Here’s what red tips on bananas at Coles, Woolworths means for customers

Ever wondered about the reason behind the red tips on some bananas at your local Coles or Woolies? Now a farmer has revealed the answer.

Ever wondered why some bananas at your local Coles or Woolies have waxy red tips?

If you have, you’re not alone. While 85 per cent of Australians are aware of red tip bananas, only 4 per cent know what the bright, food-grade wax actually represents.

It turns out it’s not just for decoration: Red tip bananas are grown using a specific farming method, knowing as the ecoganic farming method, that keeps them free of pesticides and other harsh chemicals that can have adverse impacts on the environment.

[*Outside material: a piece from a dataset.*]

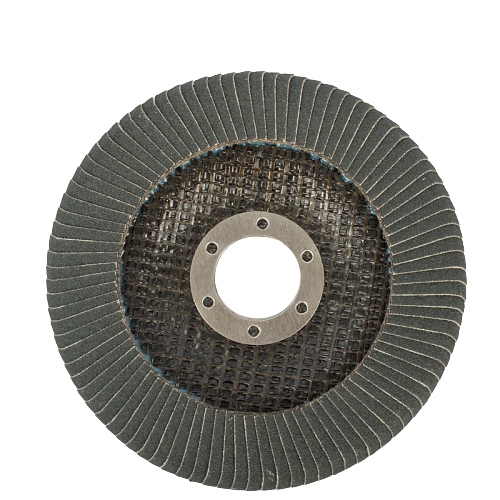 Tork Craft | Flap Disc Round Edge Zirconium 115mm 120G Flat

While the wax doesn’t preserve the banana itself, it serves as a distinctive marking to let shoppers know they’re different from other bananas, Australian grower Frank Sciacca explained to Yahoo! News.

“The red tip is used to show that our bananas are grown using the ecoganic farming method,” he said.

“We wanted to get people asking the question, what is the red tip all about? So we chose the red food-grade wax instead of stickers because it is not only unique and stands out, it is also sustainable – which is what ecoganic farming is all about.”

Shoppers can find the bananas at Coles, Woolworths and other leading Australian supermarkets – and they have been available in grocery stores in some countries since 2009.

Mr Sciacca and his wife, Dianne, developed ecoganic farming 24 years ago, in 1998, in a bid to “farm with nature”.

“We developed this regenerative farming approach because we wanted to work with nature to repair the natural ecosystem,” Mr Sciacca said.

“Unlike organic farming, the ecoganic method does not use any fertilizers or pesticides – natural or chemical – and instead works with nature’s creatures to grow bananas that taste as nature intended while having a positive impact on the environment, by helping to repair the damage done by conventional farming methods.”

While traditional farming employs methods that can affect soil and kill insects – negatively impacting birds, larger wildlife and waterways – the ecoganic method aims to have zero impact on its surrounds.

“When you see the red wax tip on bananas, you can know that they have been farmed in harmony with nature,” Mr Sciacca told the DailyMail.

“Nature has developed over hundreds of thousands of years to keep things in balance.

“Rather than rely on chemicals, we choose to harness everything nature gives us to grow our bananas slowly and with respect.

“This respect shows up in the product and you can taste the difference.”